### SOURCE DATA
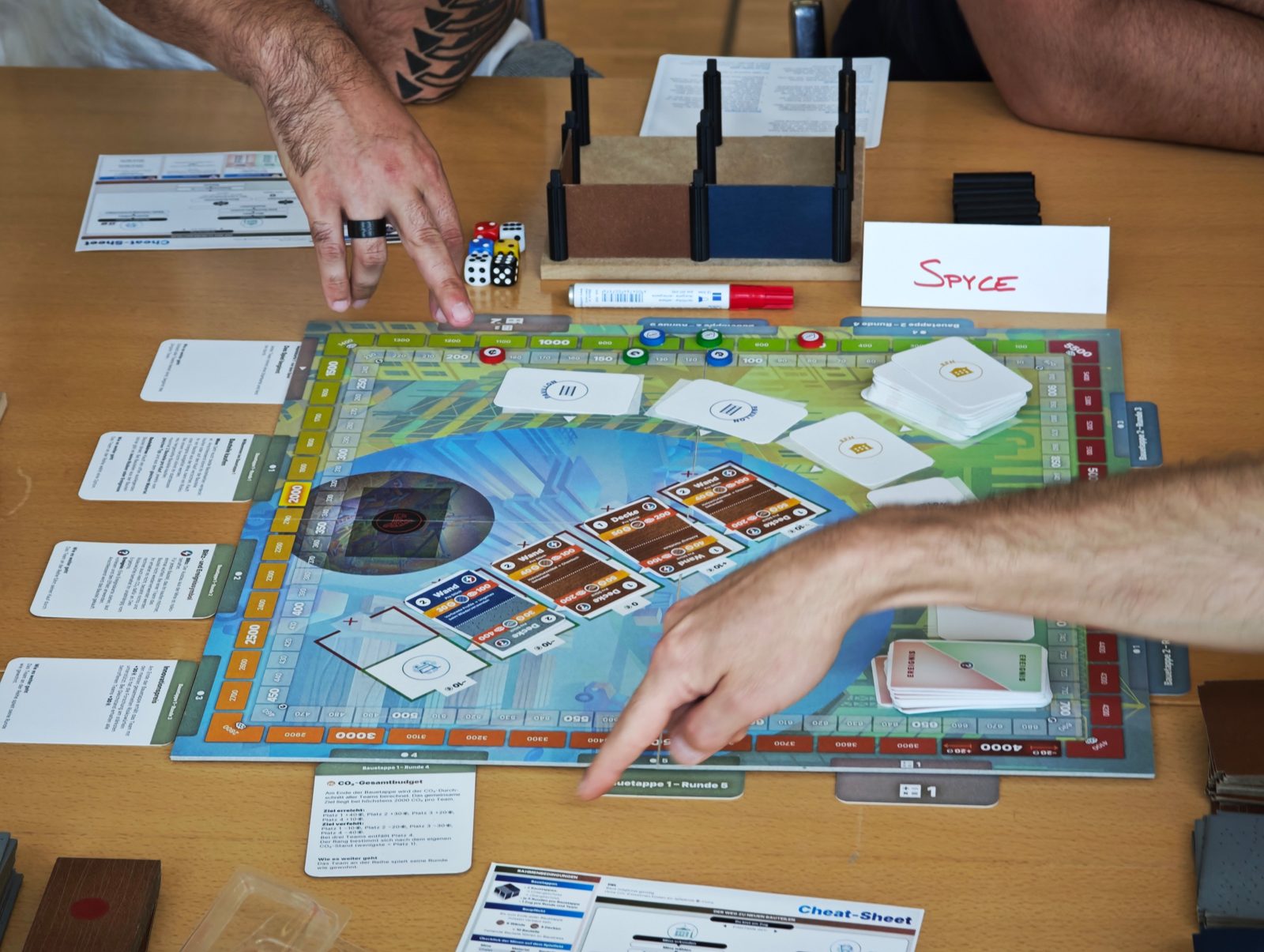 Lernende spielen das Re-Use Game am Spielbrett, daneben das 3D-Modell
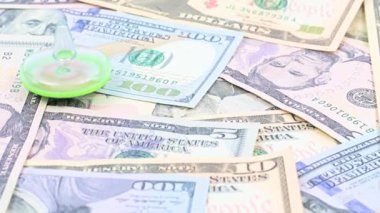 Bir plastik fırıldak, ticaret sisteminin dengesi için bir sembol olarak Amerikan doları banknotları yığını üzerinde döner
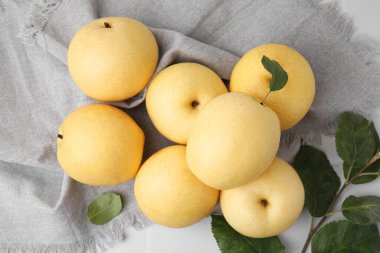 Delicious fresh apple pears and green leaves on white table, top view clipart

### WHAT IS EXPECTED
Give back the listing exactly, without a single picture.

### SOLUTION FOR THIS PROBLEM
 Lernende spielen das Re-Use Game am Spielbrett, daneben das 3D-Modell
 Bir plastik fırıldak, ticaret sisteminin dengesi için bir sembol olarak Amerikan doları banknotları yığını üzerinde döner
 Delicious fresh apple pears and green leaves on white table, top view clipart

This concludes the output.